COLLECTED MATERIAL -
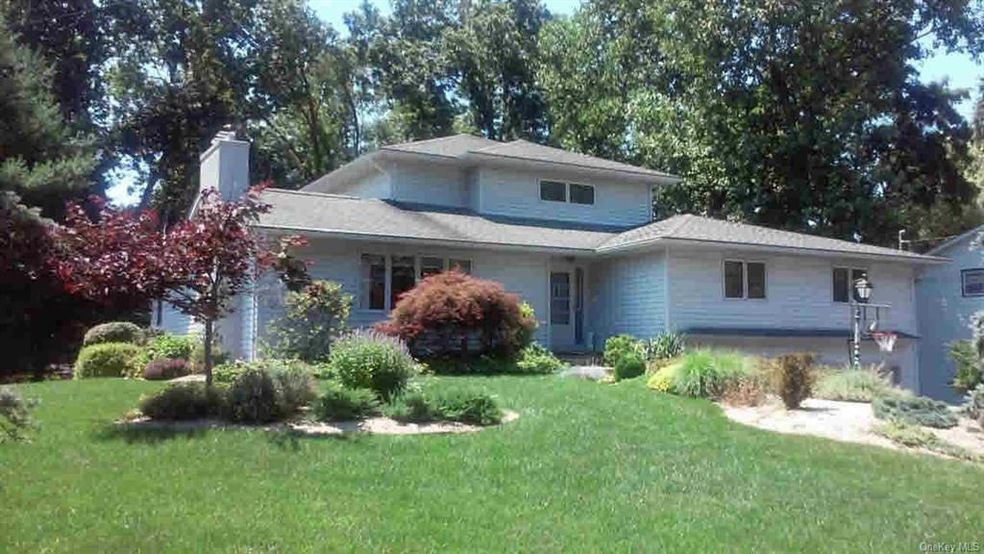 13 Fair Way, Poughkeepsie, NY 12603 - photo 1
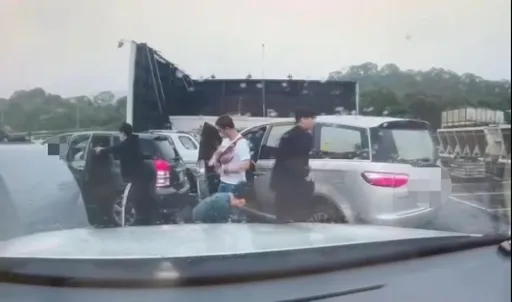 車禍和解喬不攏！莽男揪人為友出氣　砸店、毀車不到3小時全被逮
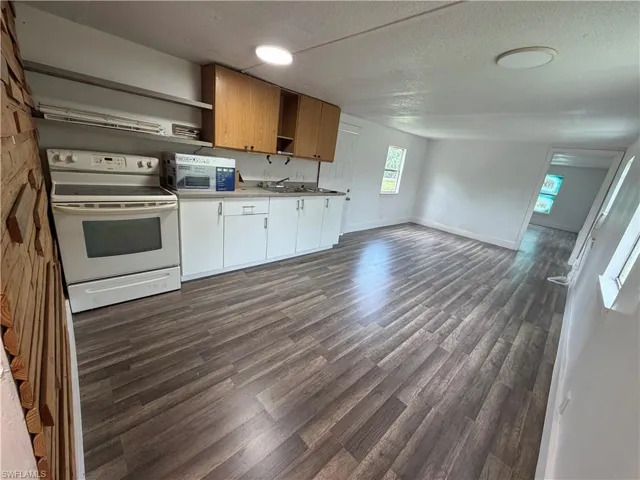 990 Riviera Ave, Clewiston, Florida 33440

WORK INSTRUCTIONS -
The response must restate each line of the material above exactly and contain no images.

ANSWER BOX -
 13 Fair Way, Poughkeepsie, NY 12603 - photo 1
 車禍和解喬不攏！莽男揪人為友出氣　砸店、毀車不到3小時全被逮
 990 Riviera Ave, Clewiston, Florida 33440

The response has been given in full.